Totipotent. Sufficient to form entire organism. Totipotency is seen in zygote and plant meristem cells; not demonstrated for any vertebrate stem cell.

Pluripotent. Able to form all the body's cell lineages, including germ cells, and some or even all extraembryonic cell types. Example: embryonic stem cells.

Multipotent. Can form multiple lineages that constitute an entire tissue or tissues. Example: haematopoietic stem cells.

Oligopotent. Able to form two or more lineages within a tissue. Example: a neural stem cell that can create a subset of neurons in the brain.

Unipotent. Forms a single lineage. Example: spermatogonial stem cells. Progenitor cell Generic term for any dividing cell with the capacity to differentiate. Includes putative stem cells in which self-renewal has not yet been demonstrated.

Regenerative medicine: Reconstruction of diseased or injured tissue by activation of endogenous cells or by cell transplantation.

Self-renewal: Cycles of division that repeatedly generate at least one daughter equivalent to the mother cell with latent capacity for differentiation. This is the defining property of stem cells.

Stem cell: A cell that can continuously produce unaltered daughters and also has the ability to produce daughter cells that have different, more restricted properties.

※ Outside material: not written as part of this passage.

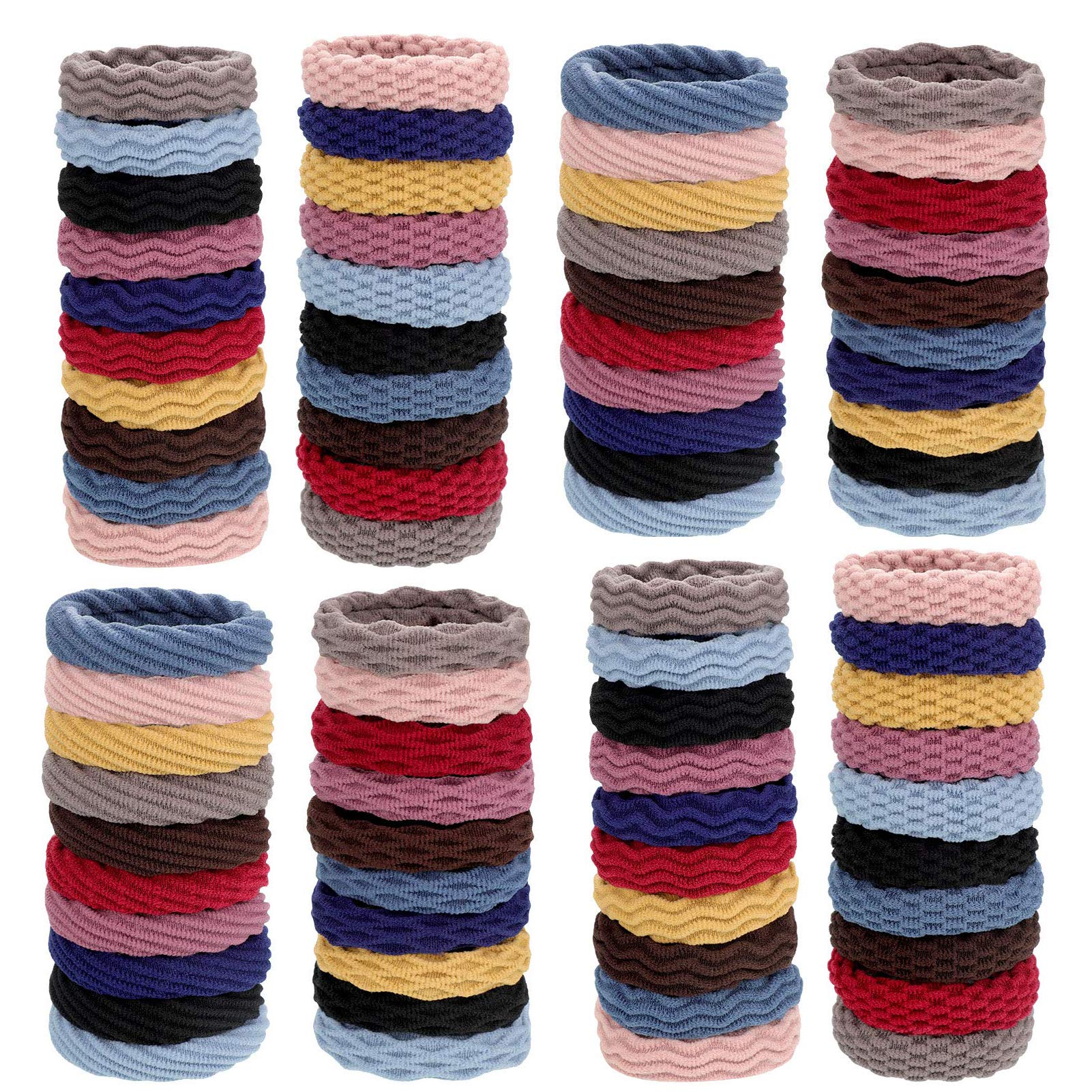 80 Pieces Ponytail holders, Elastic thick hair ties, Elastic Seamless Cotton Hair Bands, Simply Hair Ties Ponytail for Thick Heavy and Curly Hair, Light weight Highly Elastic. (4 styles,10 Colors)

Stem-cell homeostasis: Persistence of tissue stem-cell pool throughout life. Requires balancing symmetric self-renewal with differentiative divisions at the population level, or sustained asymmetric self-renewal.

Stemness: Unproven notion that different stem cells are regulated by common genes and mechanisms.

Transit-amplifying cell: Proliferative stem-cellprogeny fated for differentiation. Initially may not be committed and may retain self-renewal.